### Data ###

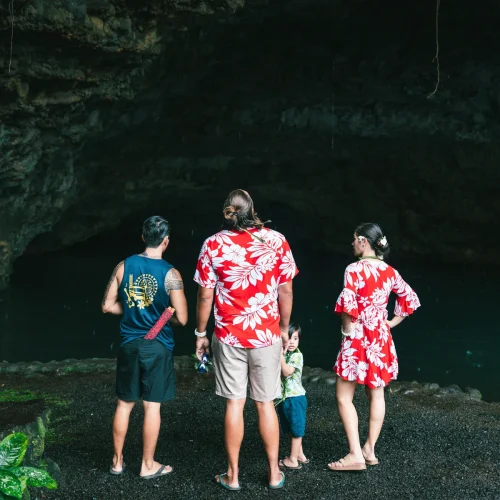 Famille devant le bassin sombre de la grotte de Maraa à Tahiti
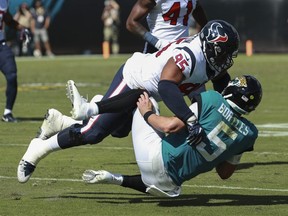 Blake Bortles of the Jacksonville Jaguars is brought down by Christian Covington of the Houston Texans at TIAA Bank Field on October 21, 2018 in Jacksonville.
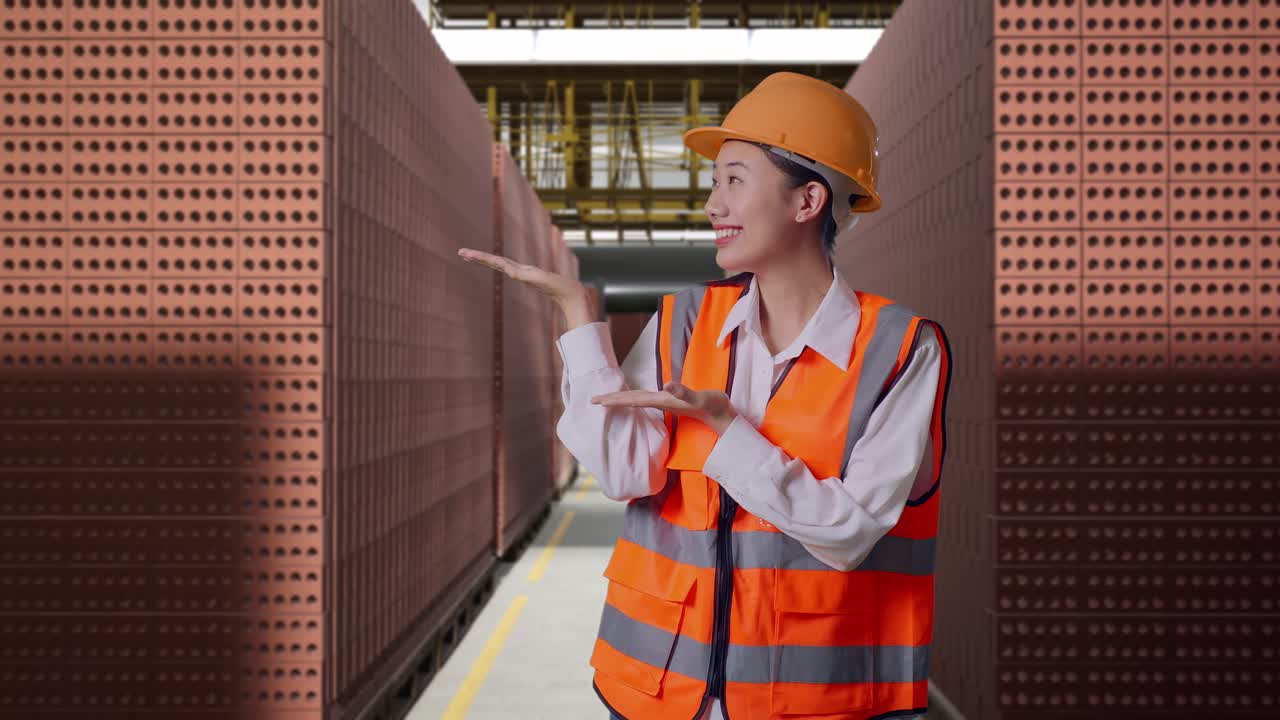 Asian Female Engineer With Safety Helmet Smiling And Pointing To Side While Standing With Red Brick Packed in Stacks Are Stored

###

Required work → Each line of the listing is to be retyped exactly, and its pictures are to be dropped.

Reply →
 Famille devant le bassin sombre de la grotte de Maraa à Tahiti
 Blake Bortles of the Jacksonville Jaguars is brought down by Christian Covington of the Houston Texans at TIAA Bank Field on October 21, 2018 in Jacksonville.
 Asian Female Engineer With Safety Helmet Smiling And Pointing To Side While Standing With Red Brick Packed in Stacks Are Stored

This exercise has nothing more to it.